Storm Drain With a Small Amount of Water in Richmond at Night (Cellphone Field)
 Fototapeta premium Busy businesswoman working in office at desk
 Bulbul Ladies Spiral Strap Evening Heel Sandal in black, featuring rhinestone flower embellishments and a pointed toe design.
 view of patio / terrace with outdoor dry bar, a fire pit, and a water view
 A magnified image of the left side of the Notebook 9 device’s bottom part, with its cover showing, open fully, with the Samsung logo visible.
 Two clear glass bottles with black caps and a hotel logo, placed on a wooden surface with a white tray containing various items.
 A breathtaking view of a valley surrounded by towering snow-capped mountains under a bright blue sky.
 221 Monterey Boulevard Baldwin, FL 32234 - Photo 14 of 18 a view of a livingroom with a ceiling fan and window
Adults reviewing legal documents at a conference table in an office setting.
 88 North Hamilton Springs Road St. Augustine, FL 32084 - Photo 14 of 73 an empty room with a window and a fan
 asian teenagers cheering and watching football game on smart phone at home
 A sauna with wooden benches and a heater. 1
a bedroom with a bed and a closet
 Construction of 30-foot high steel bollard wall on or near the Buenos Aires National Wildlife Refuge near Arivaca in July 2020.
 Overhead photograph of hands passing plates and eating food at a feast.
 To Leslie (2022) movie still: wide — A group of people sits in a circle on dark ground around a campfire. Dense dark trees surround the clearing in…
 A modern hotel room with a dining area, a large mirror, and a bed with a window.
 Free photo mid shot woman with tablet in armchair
++++++++
Exercise description → Please repeat the listing exactly, with nothing left out.

Solution →
Storm Drain With a Small Amount of Water in Richmond at Night (Cellphone Field)
 Fototapeta premium Busy businesswoman working in office at desk
 Bulbul Ladies Spiral Strap Evening Heel Sandal in black, featuring rhinestone flower embellishments and a pointed toe design.
 view of patio / terrace with outdoor dry bar, a fire pit, and a water view
 A magnified image of the left side of the Notebook 9 device’s bottom part, with its cover showing, open fully, with the Samsung logo visible.
 Two clear glass bottles with black caps and a hotel logo, placed on a wooden surface with a white tray containing various items.
 A breathtaking view of a valley surrounded by towering snow-capped mountains under a bright blue sky.
 221 Monterey Boulevard Baldwin, FL 32234 - Photo 14 of 18 a view of a livingroom with a ceiling fan and window
Adults reviewing legal documents at a conference table in an office setting.
 88 North Hamilton Springs Road St. Augustine, FL 32084 - Photo 14 of 73 an empty room with a window and a fan
 asian teenagers cheering and watching football game on smart phone at home
 A sauna with wooden benches and a heater. 1
a bedroom with a bed and a closet
 Construction of 30-foot high steel bollard wall on or near the Buenos Aires National Wildlife Refuge near Arivaca in July 2020.
 Overhead photograph of hands passing plates and eating food at a feast.
 To Leslie (2022) movie still: wide — A group of people sits in a circle on dark ground around a campfire. Dense dark trees surround the clearing in…
 A modern hotel room with a dining area, a large mirror, and a bed with a window.
 Free photo mid shot woman with tablet in armchair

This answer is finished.